--- Task input Enclosed Below ---
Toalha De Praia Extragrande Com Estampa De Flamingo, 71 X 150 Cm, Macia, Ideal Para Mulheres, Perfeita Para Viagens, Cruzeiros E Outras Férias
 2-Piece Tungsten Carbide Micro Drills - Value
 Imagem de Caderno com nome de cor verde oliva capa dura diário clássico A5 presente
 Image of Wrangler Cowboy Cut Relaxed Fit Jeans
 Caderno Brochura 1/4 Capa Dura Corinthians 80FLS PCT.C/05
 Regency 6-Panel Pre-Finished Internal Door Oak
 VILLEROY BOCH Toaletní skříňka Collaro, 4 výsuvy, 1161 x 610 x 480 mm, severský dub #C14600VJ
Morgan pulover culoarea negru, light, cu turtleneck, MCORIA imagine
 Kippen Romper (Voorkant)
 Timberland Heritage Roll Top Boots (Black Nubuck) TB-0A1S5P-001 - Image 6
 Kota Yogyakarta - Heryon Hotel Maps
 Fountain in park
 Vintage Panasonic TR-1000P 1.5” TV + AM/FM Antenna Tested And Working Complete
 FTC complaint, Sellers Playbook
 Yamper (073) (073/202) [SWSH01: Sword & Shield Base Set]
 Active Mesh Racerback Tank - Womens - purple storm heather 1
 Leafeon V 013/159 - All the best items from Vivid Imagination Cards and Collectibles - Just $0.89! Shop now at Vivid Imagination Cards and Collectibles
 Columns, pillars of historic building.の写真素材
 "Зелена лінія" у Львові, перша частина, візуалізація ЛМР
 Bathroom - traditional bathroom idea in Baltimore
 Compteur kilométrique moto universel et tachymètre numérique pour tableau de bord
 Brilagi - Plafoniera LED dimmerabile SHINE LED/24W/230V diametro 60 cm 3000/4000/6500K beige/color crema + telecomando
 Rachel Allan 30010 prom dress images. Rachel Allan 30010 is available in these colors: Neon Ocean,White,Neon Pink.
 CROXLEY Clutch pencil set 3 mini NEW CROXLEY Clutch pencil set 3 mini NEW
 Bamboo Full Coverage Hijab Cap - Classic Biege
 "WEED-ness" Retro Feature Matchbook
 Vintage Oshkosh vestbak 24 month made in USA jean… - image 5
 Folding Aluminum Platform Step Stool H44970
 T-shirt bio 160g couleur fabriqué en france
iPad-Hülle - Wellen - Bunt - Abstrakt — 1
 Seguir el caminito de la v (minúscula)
--- End of Enclosed Task input ---
**Work task:** Using the data above, count the lines where "Vintage" appears. Reply with the number only.

**Output of the task:** 2